Seeking the Red Meat!


God’s Power Principle For Today:  My grace is sufficient for you, for my power is made perfect in Weakness. “Therefore I will boast all the more gladly about my weakness, so that Christ’s power is made perfect in weakness.”  2 Cor. 12:9-10

Hey Gang:  I keep looking for someone who will sit down with me and put some red meat around some of those big biblical terms such as sanctification, justification and glorification.  I have read definitions of each but, for some reason, when I come across these words it is like entering a "fog bank."  In my hillbilly bringing-up years I do not recall many words that were more than five or six letters and must admit that I am intimidated when I run into big words that other people seem to understand. 

As a little squeezer I frequently heard the word grace.   I really did not comprehend the true meaning of the word until I ran across the good news that it meant "God's unmerited favor".  Let me give you an example of grace.   While exulted ruler of Eagle Village, the staff felt they needed some sort of point system to help keep the kids in line and on track.  In my tenure of forty plus years in the child care treatment industry I never found a point system that was positive and, therefore, beneficial over the long haul.   One might say I had a great distain for such systems. 

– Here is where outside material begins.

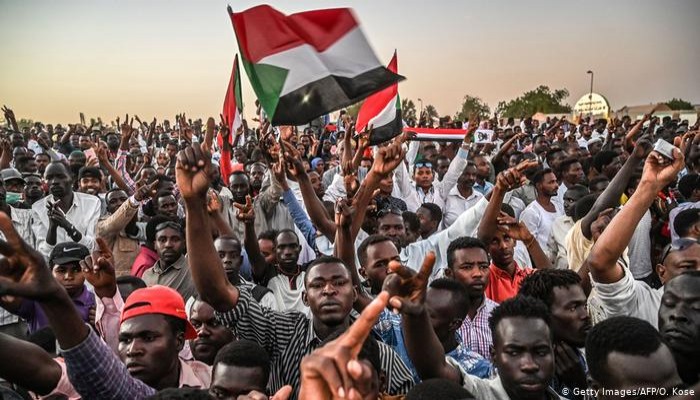 السودان 4 قتلى في احتجاجات بأم درمان وتفاقم حجم القمع والإصابات جلنار Jollanar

Each week I would walk through the houses, when no one was there, to 
check the graphs that determined where the youngster was in the program. When I found a youngster floundering with an abundance of negative points, I would draw a line through the total and write “forgiven”. 

It certainly did not make the staff happy.  My question to them was two-fold: if the youngsters realized that grace had been applied to his case and he put his life together, would that not be the purpose of the program?  I also asked, if he does not change, how long would it be until he could pile more points? Most agreed that a happy contented child was much easier to deal with and our job was to encourage not to discourage. 

I must admit, I developed the Head, Hands and Heart Program so that I could bury the point programs once and for all.  I felt that it was a program that recognizes the strengths of the child and builds on a change from within.  God’s grace is indeed sufficient.

Sooo, my young friends, what is the reading on your Grace meter?  Where are you in God's program of Head, Hands and Heart? How much Grace do you offer others?  Jesus said in the same measure you apply grace to those around you, I will apply to you.  Whoopie
!
Blessings,

Gramps

P.S.  An old Dutchman said "The higher a man gets in divine grace, the lower he will be in his own esteem.